▸ WORK ITEM: All of the records below are to be output exactly; no image belongs in the result.

▸ DATASET RECORDS:
==================================================

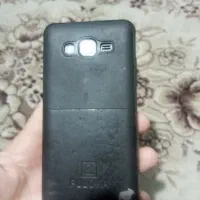 گوشی j5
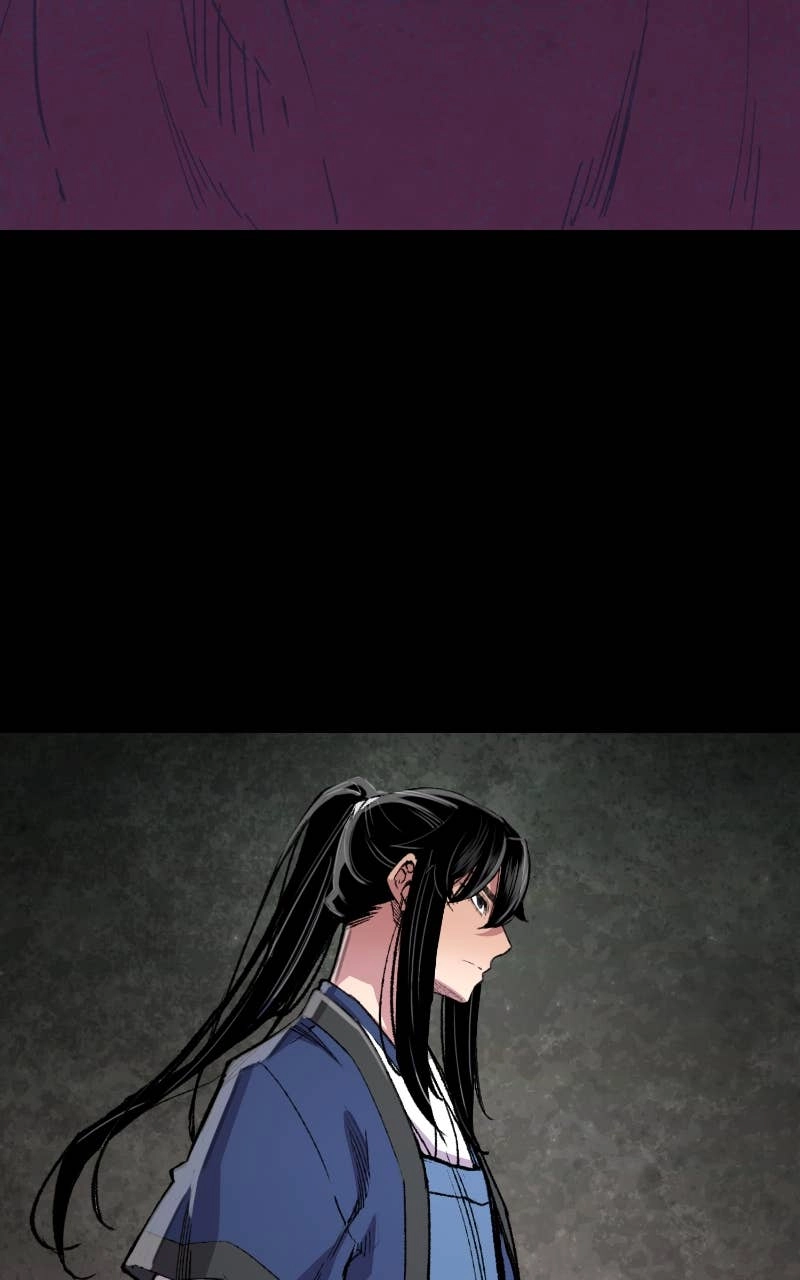Reborn As The Heavenly Demon Chapter 64 Page 56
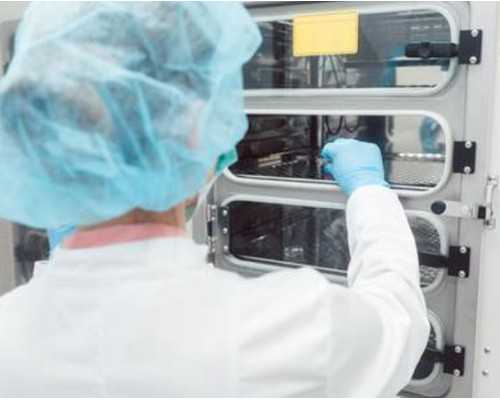 南宁50万包性别 南宁二院试管医生排名选择试管婴儿医生有这些标准 ‘孕9周孕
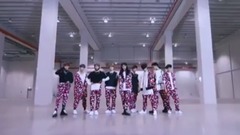 NCT,NCT 127 - Cherry Bomb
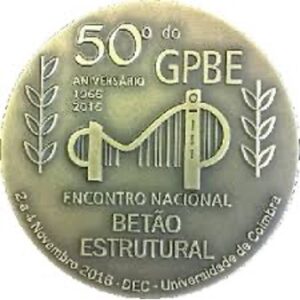 Imagem8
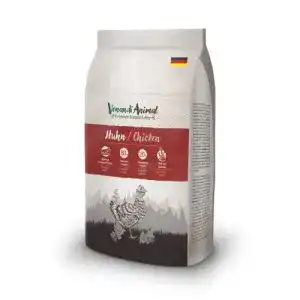 Katzenfutter ohne Zucker und Getreide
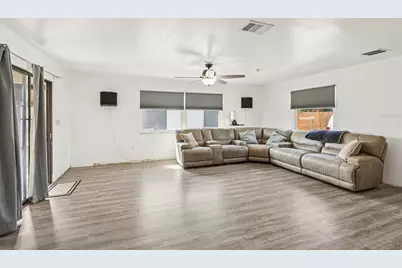 8635 Chesebro Avenue, North Port, FL 34287 - Photo 8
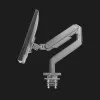 Моноблок Artline Home G73 (G73v30ERGO) (Black)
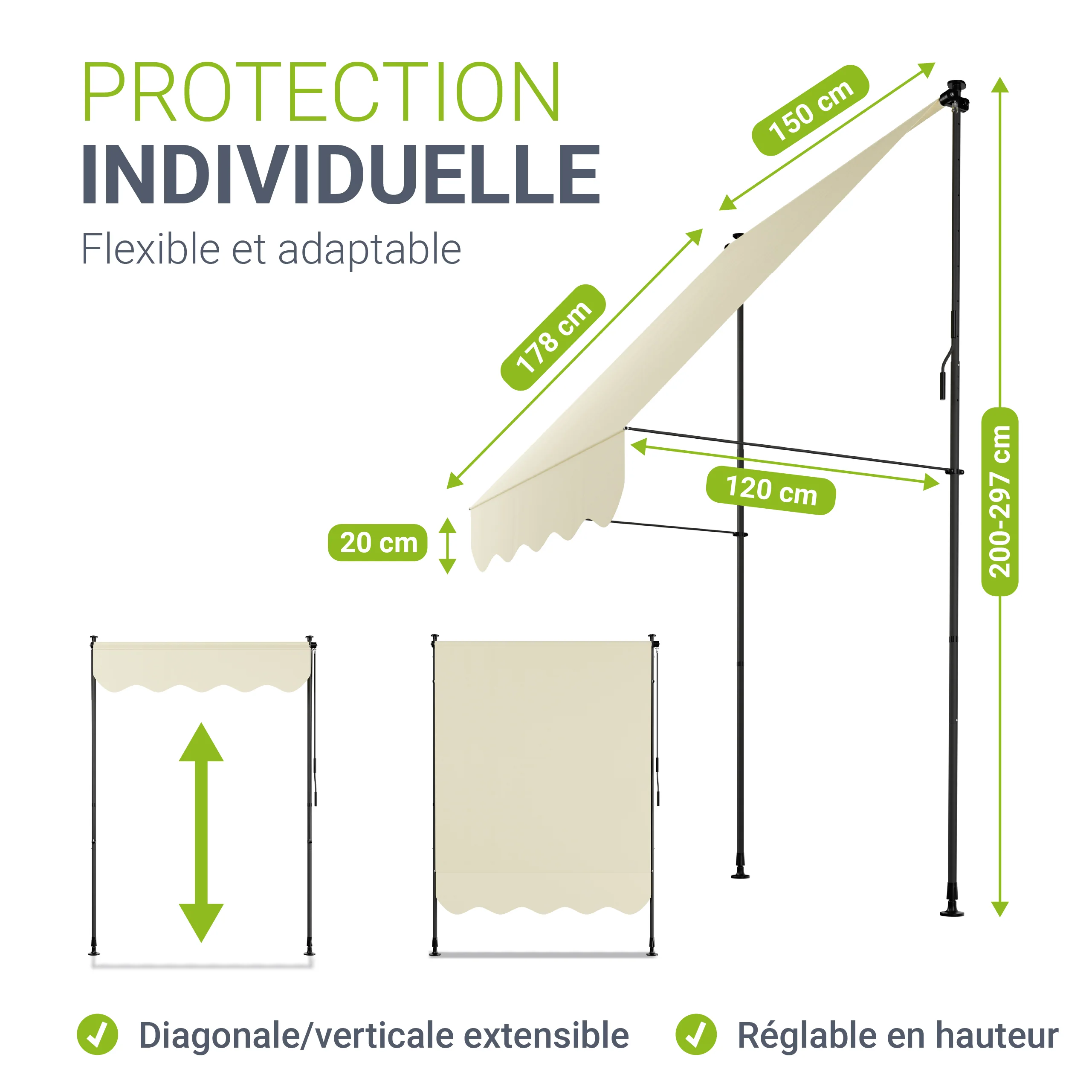 Produktbild 91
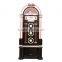 Large Size Retro Jukebox Woofer Speaker With Bluetooth 2016 Trending Products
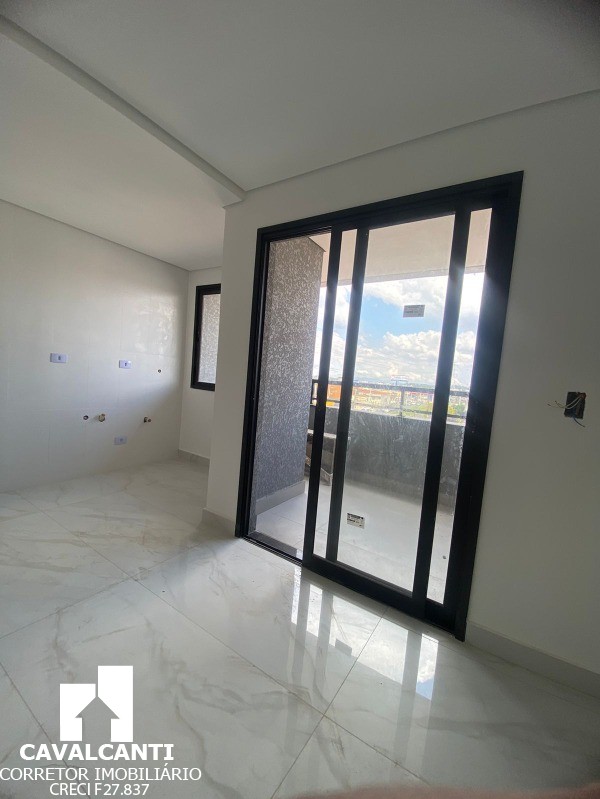 Apartamento, 3 quartos, 87 m² - Foto 5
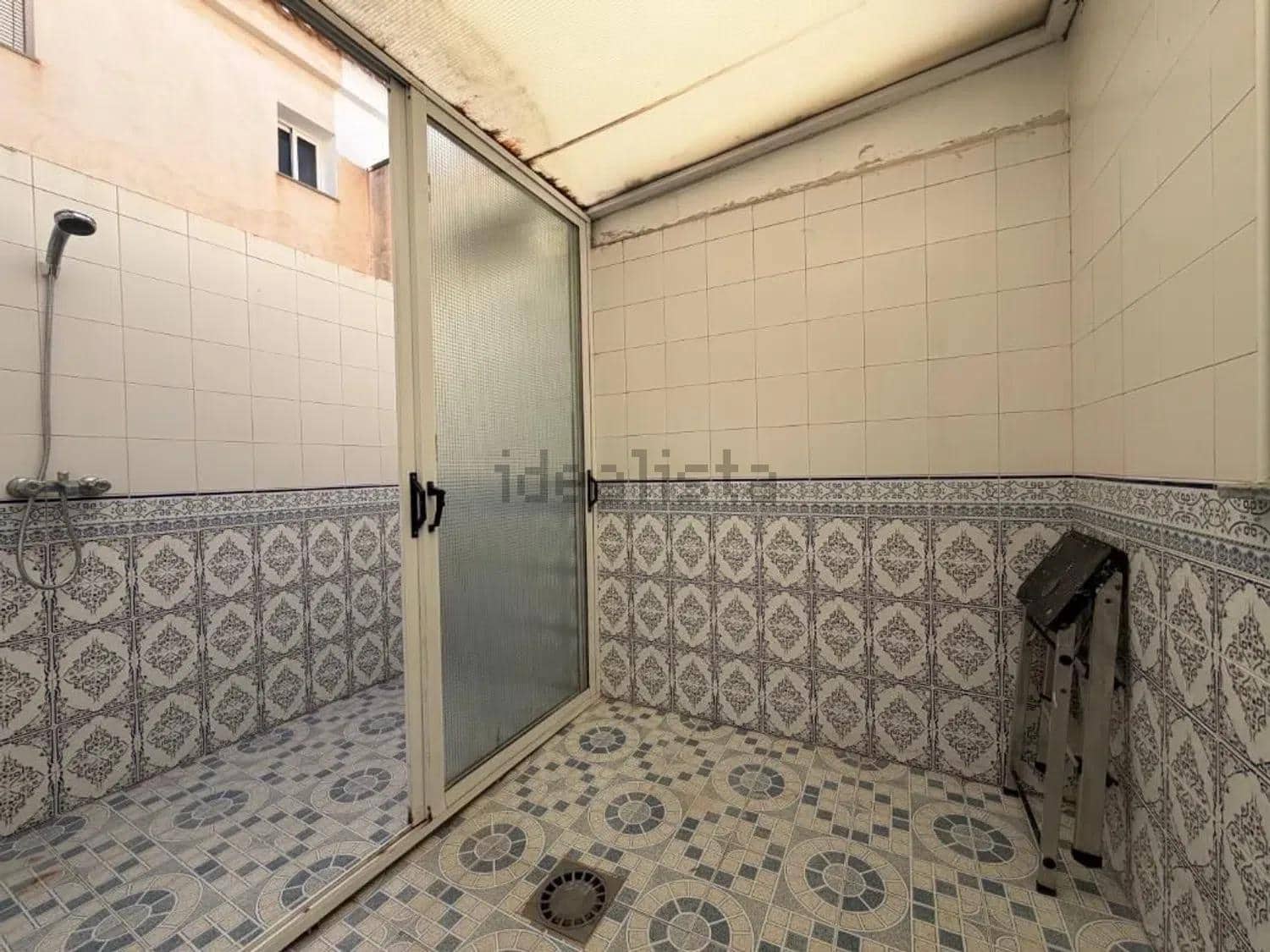 2 soveværelse Rækkehus til salg i San Pedro del Pinatar - € 140.000 (Ref: 9791000)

==================================================

▸ ANSWER AREA:
 گوشی j5
Reborn As The Heavenly Demon Chapter 64 Page 56
 南宁50万包性别 南宁二院试管医生排名选择试管婴儿医生有这些标准 ‘孕9周孕
 NCT,NCT 127 - Cherry Bomb
 Imagem8
 Katzenfutter ohne Zucker und Getreide
 8635 Chesebro Avenue, North Port, FL 34287 - Photo 8
 Моноблок Artline Home G73 (G73v30ERGO) (Black)
 Produktbild 91
 Large Size Retro Jukebox Woofer Speaker With Bluetooth 2016 Trending Products
 Apartamento, 3 quartos, 87 m² - Foto 5
 2 soveværelse Rækkehus til salg i San Pedro del Pinatar - € 140.000 (Ref: 9791000)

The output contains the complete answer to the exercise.